Stuart_Armstrong comments on Siren worlds and the perils of over-optimised search

Stuart_Armstrong 16 May 2014 10:33 UTC
1 point
I’ve been thinking about this, and I haven’t found any immediately useful way of using your idea, but I’ll keep it in the back of my mind… We haven’t found a good way of identifying agency in the abstract sense (“was cosmic phenonmena X caused by an agent, and if so, which one?” kind of stuff), so this might be a useful simpler problem...
- [deleted] 16 May 2014 14:35 UTC
  2 points
  Parent
  Upon further research, it turns out that preference learning is a field within machine learning, so we can actually try to address this at a much more formal level.
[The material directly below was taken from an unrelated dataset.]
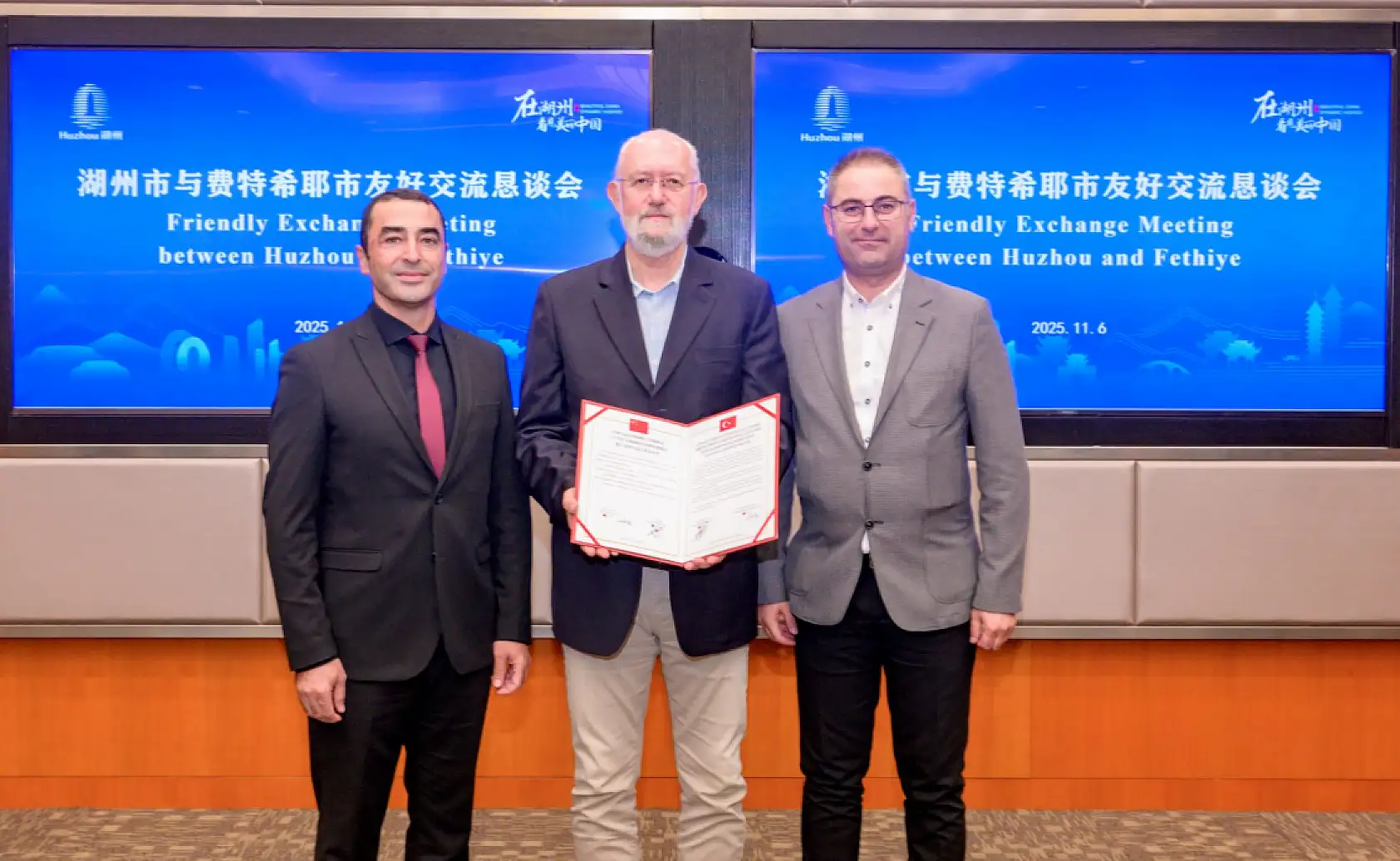 Çin'den Fethiye'ye Kutlama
That would also get us another benefit: supervised learning algorithms don’t wirehead.
  
  Notably, this fits with our intuition that morality must be “taught” (ie: via labelled data) to actual human children, lest they simply decide that the Good and the Right consists of eating a whole lot of marshmallows.
  
  And if we put that together with a conservation heuristic for acting under moral uncertainty (say: optimize for expectedly moral expected utility, thus requiring higher moral certainty for less-extreme moral decisions), we might just start to make some headway on managing to construct utility functions that would mathematically reflect what their operators actually intend for them to do.
  
  I also have an idea written down in my notebook, which I’ve been refining, that sort of extends from what Luke had written down here. Would it be worth a post?